Behind the Justice Department’s blue badge, U.S. attorney’s offices have until recently enjoyed a great amount of obscurity. Just how well the approximately 4,700 lawyers in the 94 federal districts employed their resources was largely unknown. Although newspapers scrutinized high-profile cases brought by local federal prosecutors, bigger questions of how effective and efficient their efforts were — and how they measured up their counterparts in other districts — often remained unexplored.

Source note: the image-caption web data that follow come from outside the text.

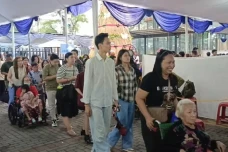 Jemaat Terbantu Misa...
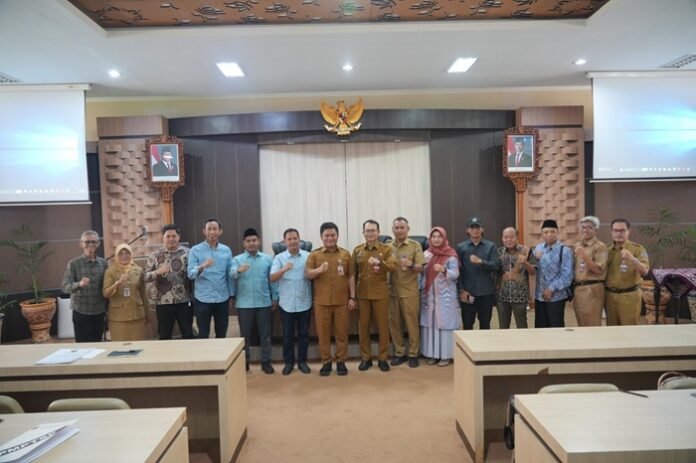 Pemkab Tegal ketika bersama Komisi A DPRD Jateng
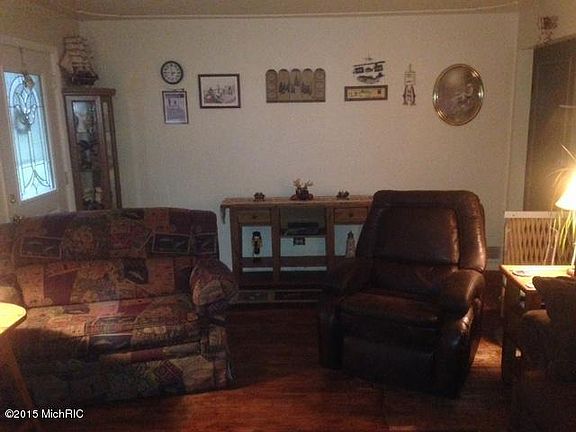 3rd image of 4735 Wakefield Ave NE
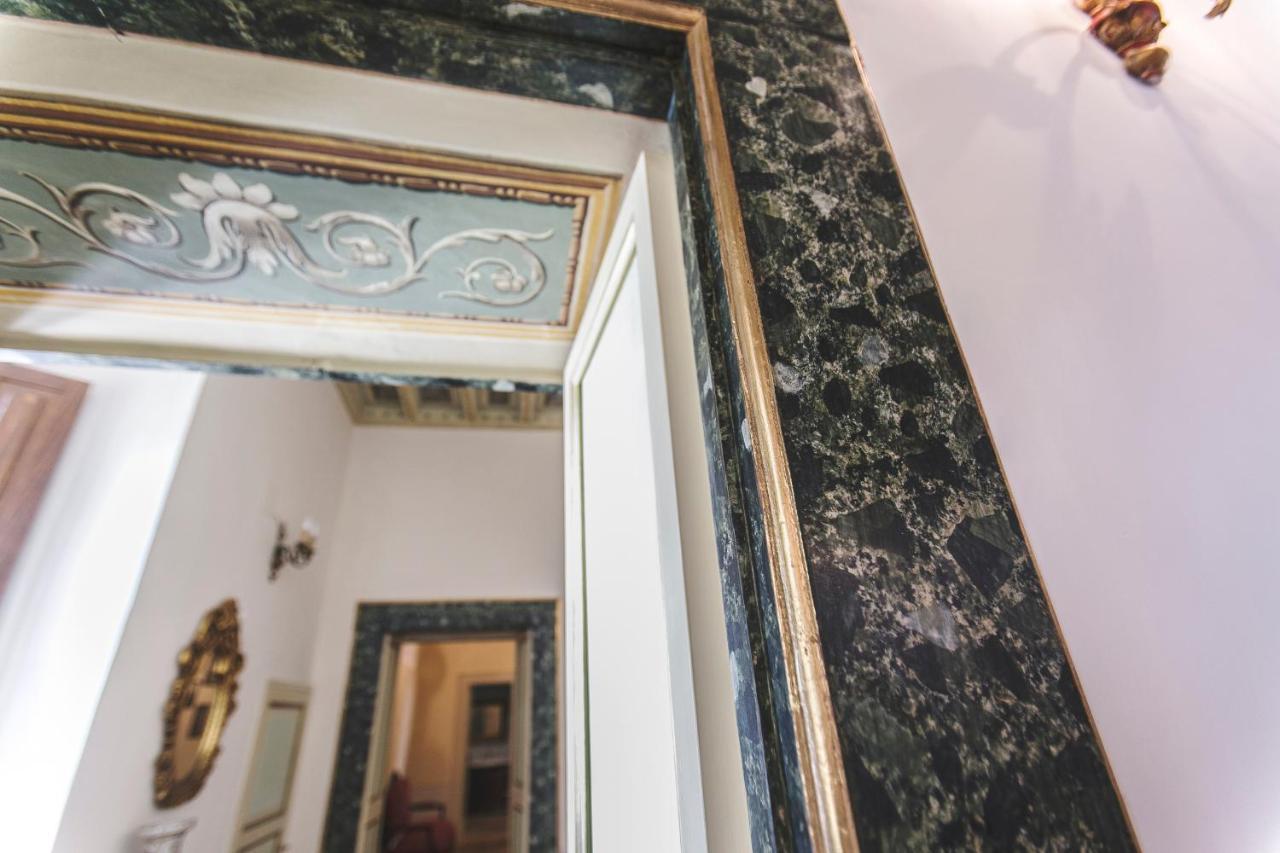 Palazzo Lauri Spoleto Apartment ภายนอก รูปภาพ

Thanks to Syracuse University’s Transactional Records Access Clearinghouse (TRAC), however, a newly coherent picture of federal prosecutors is emerging. Set up in 1989, TRAC is a database run by David Burnham, a former New York Times reporter, and Susan Long, a statistics professor at Syracuse University. The main source of TRAC’s information is the case management system maintained by the Executive Office for U.S. Attorneys, which tracks the activities of every federal prosecutor’s office across the country. Each month the outposts submit detailed computer records on their caseload to the executive office, which combines the figures into a national database, runs various validity checks, and issues a final statistical compilation at the end of the fiscal year. As a result of a settlement of an Electronic Freedom of Information Act suit brought by TRAC against the Justice Department in early 1998, the executive office provides TRAC with its annual analysis.